Further Education and Training (FET) graduates could soon find it easier to get a job, thanks to a new graduate placement programme in the Free State and KwaZulu-Natal.
The launch of the programme in these two provinces follows the successful introduction of a similar one in Gauteng, and is a response to President Jacob Zuma’s call to make workplaces available to young people for learning purposes.
The FET Graduate Placement Programme will see graduates being placed at provincial government offices, municipalities and in the private sector, where they are expected to receive on-the-job training.
Higher Education and Training Minister Blade Nzimande said the placement of graduates of FETs, which are also known as Technical and Vocational Education and Training (TVET) colleges, was part of the department’s strategy to create a smooth transition from institutions of learning to workplaces.
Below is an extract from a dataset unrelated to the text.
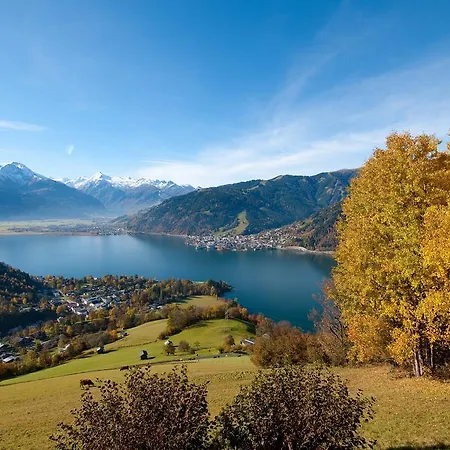 Hammerschmidt Maishofen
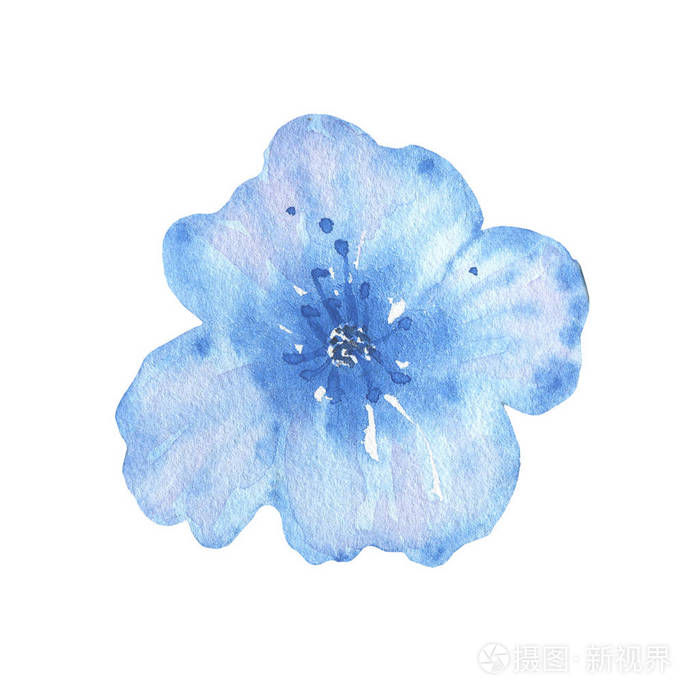 水彩手绘花白色背景上孤立照片 正版商用图片0eck1x 摄图新视界 水彩手绘花白色背景上孤立照片 正版商用图片0eck1x 摄图新视界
The programme’s goal, which is rooted in the National Skills Development Strategy, is to turn every workplace into a training space, said the Minister.
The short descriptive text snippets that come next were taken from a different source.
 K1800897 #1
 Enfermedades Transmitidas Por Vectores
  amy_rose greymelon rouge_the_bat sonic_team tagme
Currently, more than 3.4 million young people between the ages of 15 and 24 are not in employment, education or training.
“This is why special intervention programmes, like this one, is required to develop skills so that our youth become part of the mainstream economy,” said Minister Nzimande.
Exposing graduates to a workplace environment improves their skills and boosts their credibility, the Minister pointed out. “Work integrated learning and the placement of TVET learners, university of technology graduates and out of school youth is a critical component of the Department Education and Training’s (DHET) skills trajectory in terms of empowering and developing our youth,” he added.
As part of the programme, the DHET works closely with FET colleges to identify graduates for work place placement once their studies are completed, to give them a chance to gain experiential training.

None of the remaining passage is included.